Hey! I really struggle with generating posterior predictives. I have a slightly more complex model, but have the same problems on easier versions, for example the following:
Data
simple gaussian
samples = np.array(Normal(0, 2).sample(PRNGKey(42), (1000, )))
Model
def model(y=None):
mu = numpyro.sample('mu', Normal(0, 5))
sigma = numpyro.sample('sigma', HalfNormal(5))
with numpyro.plate('data', len(y)):
numpyro.sample('obs', Normal(mu, sigma), obs=y)
With my fitted model (using NUTS), I would now like to generate synthetic datasets for which I can calculate some statistics as well as use them to calculate some target values.
So basically I would like to generate n models, \mathcal{N_i}(mu_i, \sigma_i) that are initialised by drawing \mu_i and \sigma_i from the posterior distributions of \mu and \sigma. From each \mathcal{N_i} I would then like to generate m samples. Leaving me with m x n samples in total.
Model call
I think very standard:
rng_key = PRNGKey(0)
rng_key, rng_key_ = jax.random.split(rng_key)
# Run NUTS.
kernel = NUTS(model)
num_samples = 2000
mcmc = MCMC(kernel, num_warmup=1000, num_samples=num_samples)
mcmc.run(
rng_key_, y=samples
)
mcmc.print_summary()
samples_1 = mcmc.get_samples()
I then tried to generate some posterior predictives using:
predictive = Predictive(model, samples_1)

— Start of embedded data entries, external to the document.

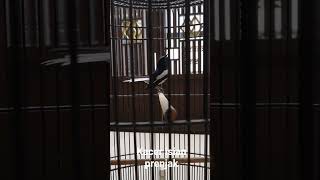 Download lagu Kacer isian prenjak #kacer #prenjak #kicaumania mp3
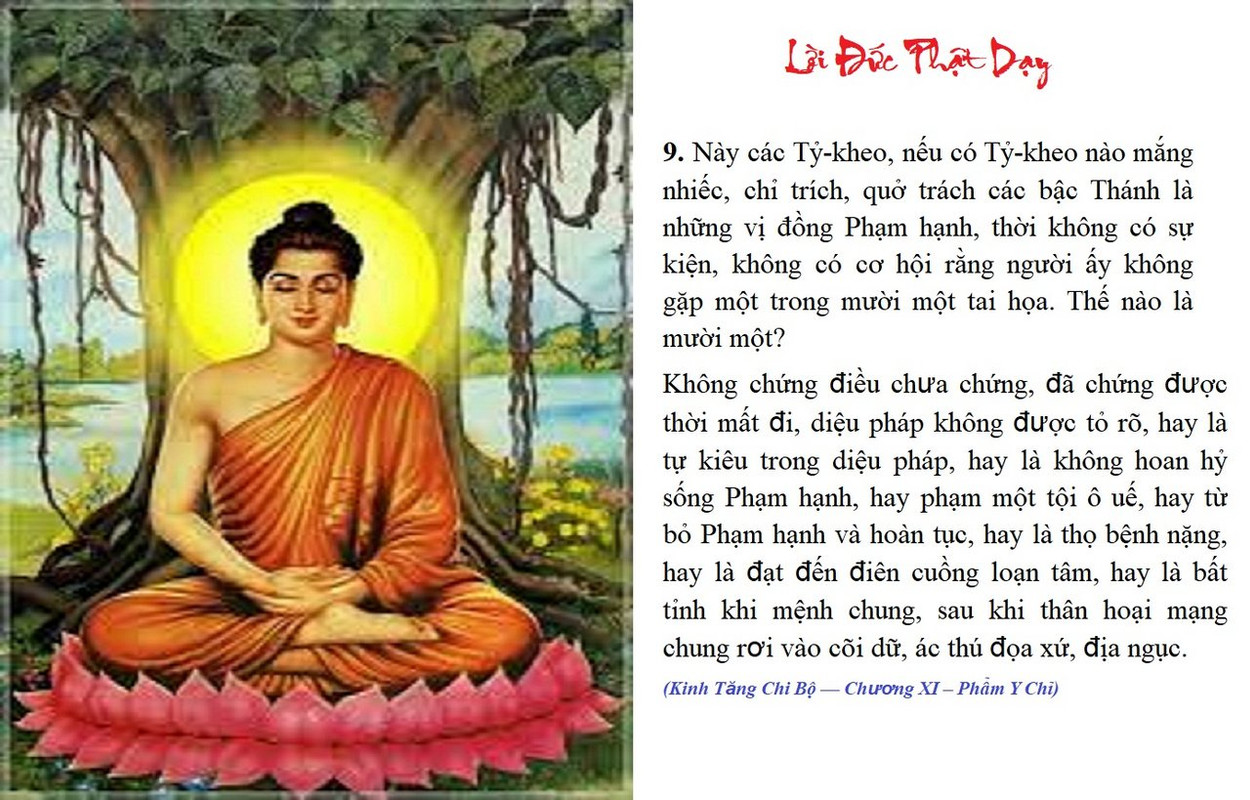 4 - LD của ĐỨC PHẬT - 10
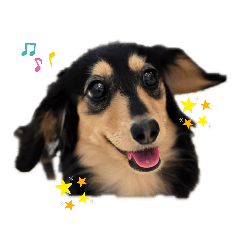 [LINEスタンプ] ダックス仲間1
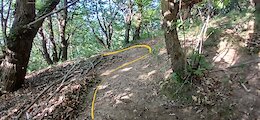 report photo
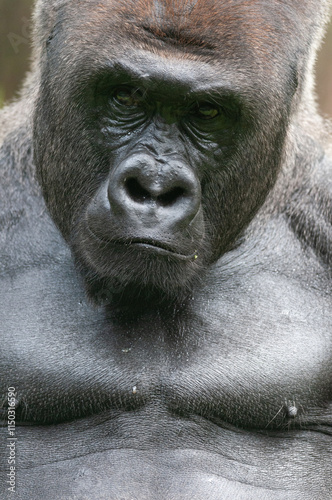 animal, mammal, nature, wildlife, endangered, portrait, wild, black, congo, face, lowland, western, eyes, thinking, fur, primates, hairy, big, jungle, endangered species, power, deforestation, lost ha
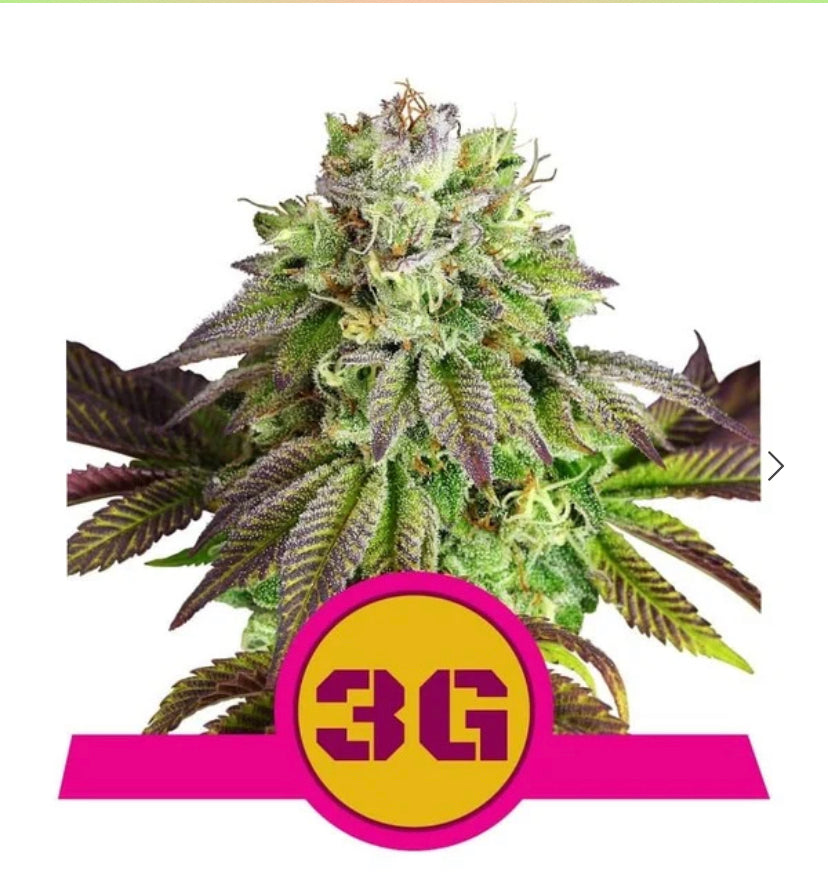 TRIPLE G FEM ROYAL QUEEN SEEDS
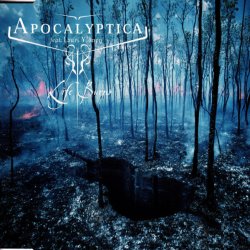 Pochette Apocalyptica Feat. Lauri Ylönen - Life Burns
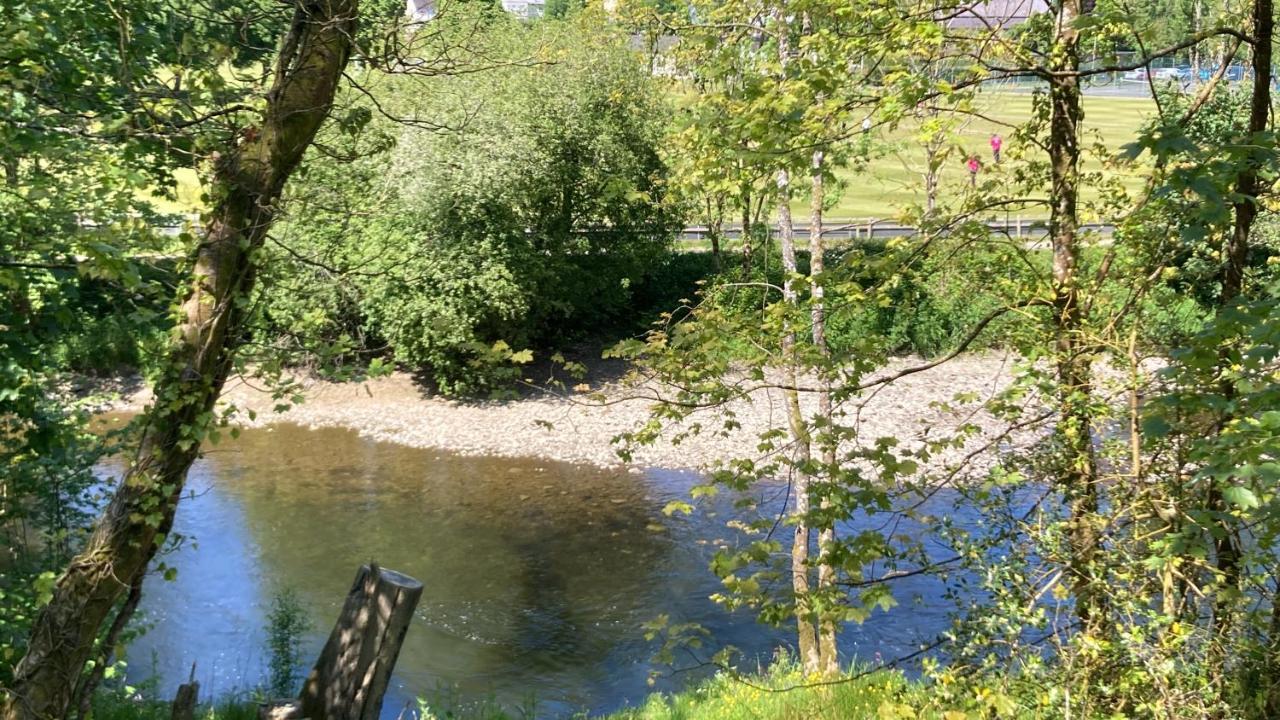 Honey Bee Cabin Llandysul Luaran gambar
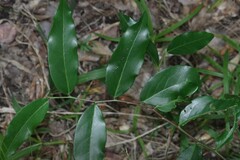 Monanthotaxis caffra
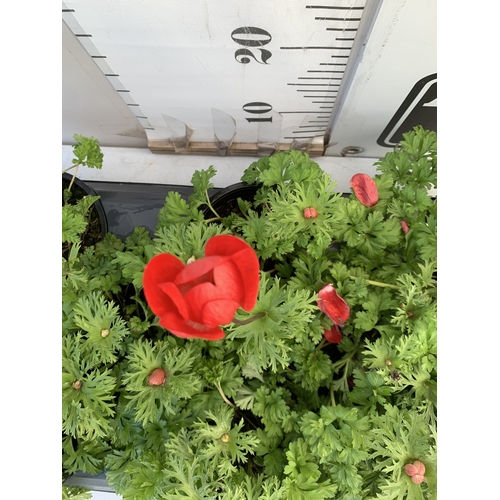 124 - EIGHT ANEMONES 'HARMONY SCARLET' IN 1 LTR POTS ON A TRAY. APPROX 20-30 CM TALL. TO BE SOLD FOR THE E... 
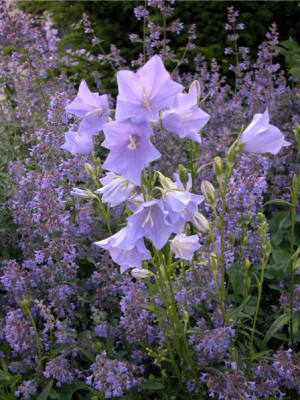 Glockenblumen3.jpg
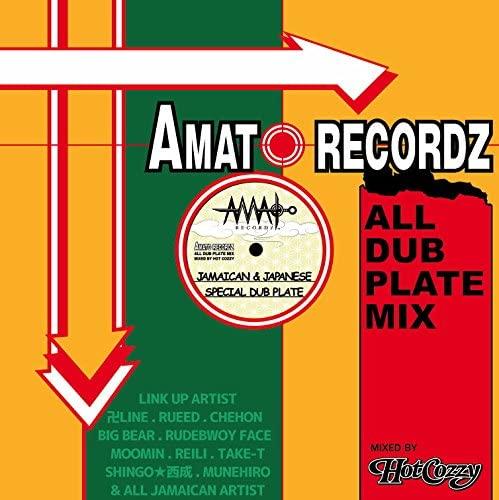 

CD HOT COZZY AMATO RECORDZ ALL DUB PLATE MIX AMATO002 Japan Japanese Club Dance Used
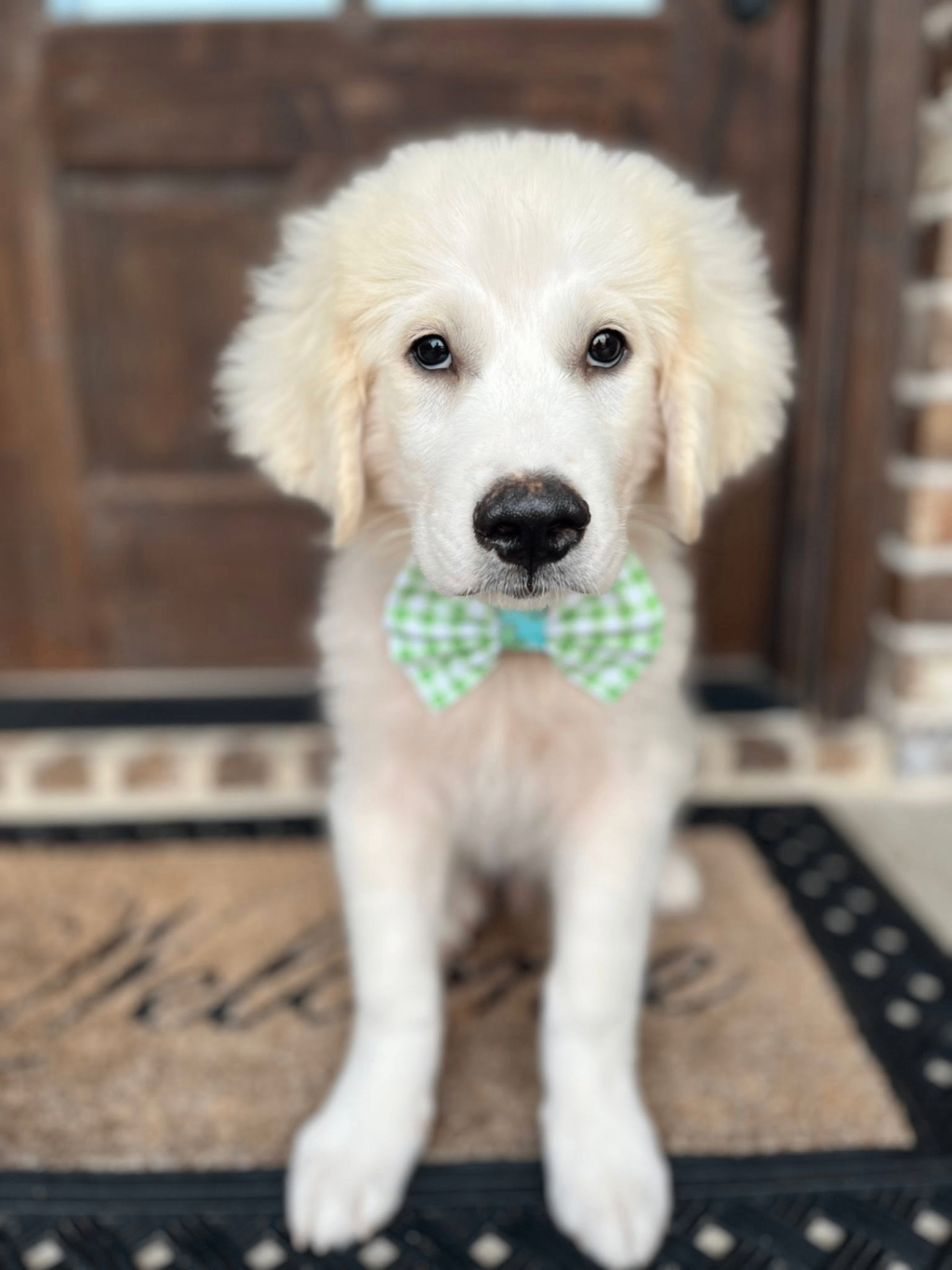 A rescue puppy in a bowtie at the front door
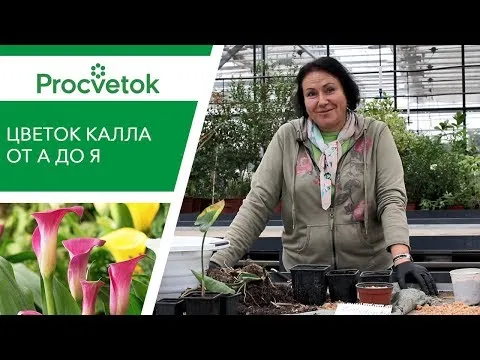 Нажми и смотри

predictions = predictive(rng_key_)
This did not work, because len(y) for None gives an Error. I then deleted the pyro.plate statement (I read this was good practice to use, for optimisation purposes in the background, other then that I don’t have a reason why I use it). This way I was able to generate a max of 2000 samples (num_samples). I further do not know how these samples are generated. Using 1 draw of parameters and therefore 1 model or 2000?
Thank you very much!
P.S.: I read other questions and tried to work through the Divorce rate example, but I could not transfer these to my problem.